Buitengerechtelijke kosten
4.9.
Strikt genomen is deze post ad € 944,06 niet door gedaagde betwist. Dit brengt evenwel niet mee dat deze vordering nu eenvoudigweg toewijsbaar is, aangezien eiser heeft nagelaten een grondslag voor de buitengerechtelijke kosten aan te voeren. De buitengerechtelijke kosten worden mitsdien afgewezen.
Proceskosten en nakosten
4.10.
Gedaagde dient als vrijwel geheel in het ongelijk gestelde partij in de proceskosten te worden veroordeeld. De kosten aan de zijde van eiser worden begroot op:
- explootkosten € 96,16
- griffierecht € 78,00
- salaris advocaat
€ 816,00
Totaal € 990,16
4.11.
De gevorderde veroordeling in de nakosten is in het kader van deze procedure slechts toewijsbaar voor zover deze kosten op dit moment reeds kunnen worden begroot.
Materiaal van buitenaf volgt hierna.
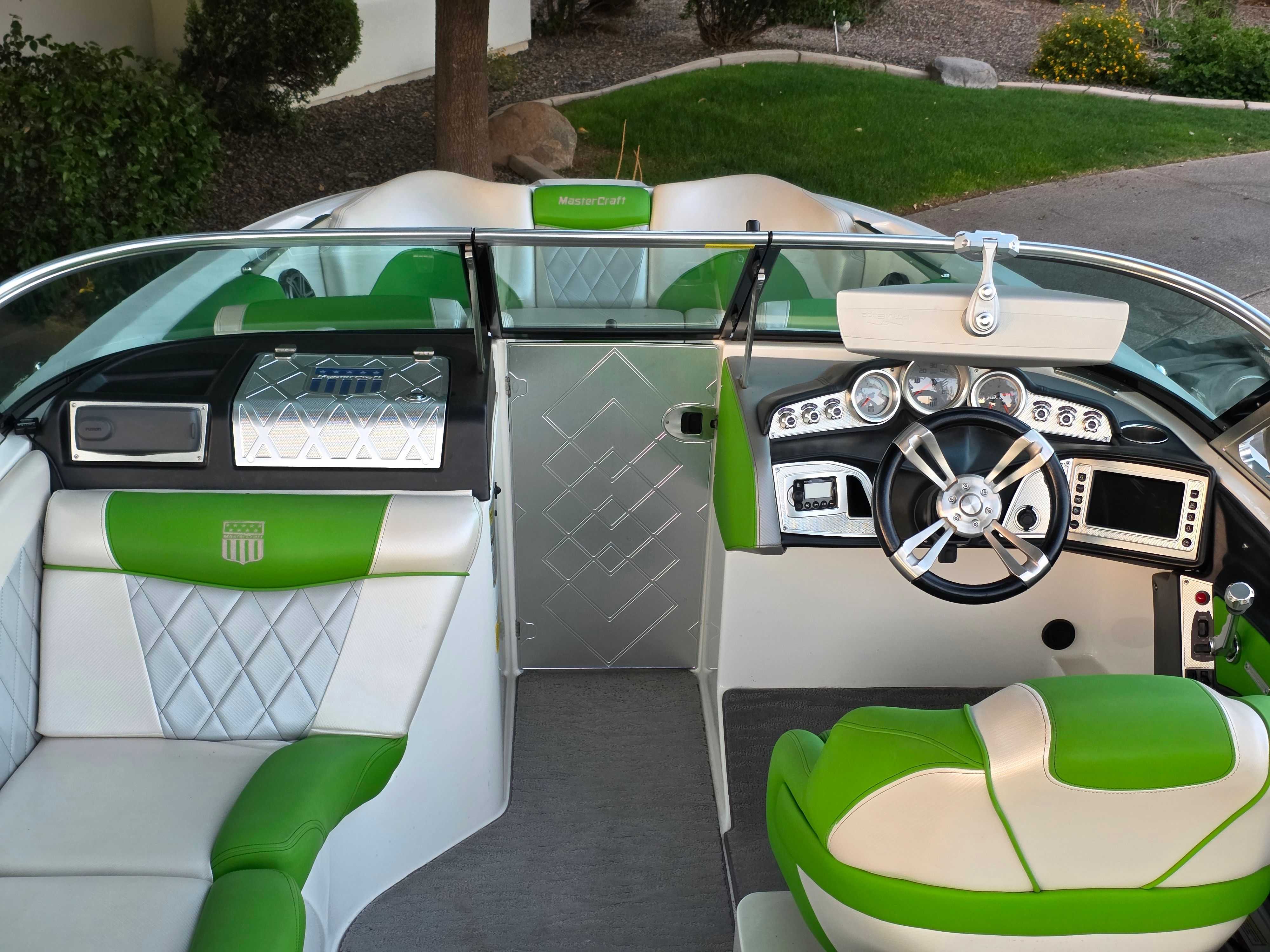 2014 MasterCraft X46 - 4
De nakosten zullen dan ook worden toegewezen op de wijze zoals in de beslissing vermeld.

5.De beslissing

De voorzieningenrechter
5.1.
veroordeelt gedaagde om tegen bewijs van kwijting aan eiser te betalen een bedrag
van € 55.231,11, te vermeerderen met wettelijke rente als bedoeld in art. 6:119 BW vanaf
8 juni 2015 tot aan de dag der algehele voldoening,
5.2.
veroordeelt gedaagde in de proceskosten aan de zijde van eiser tot op heden
begroot op een bedrag van € 990,16,
5.3.
veroordeelt gedaagde in de na dit vonnis ontstane kosten, begroot op € 131,00 aan salaris advocaat, te vermeerderen, onder de voorwaarde dat gedaagde niet binnen veertien dagen na aanschrijving aan dit vonnis heeft voldaan en vervolgens betekening van dit vonnis heeft plaatsgevonden, met een bedrag van € 68,00 aan salaris advocaat en de explootkosten van betekening van het vonnis,
5.4.
verklaart dit vonnis uitvoerbaar bij voorraad,
5.5.
wijst af het meer of anders gevorderde.
Dit vonnis is gewezen door mr. A.J. Henzen en in het openbaar uitgesproken.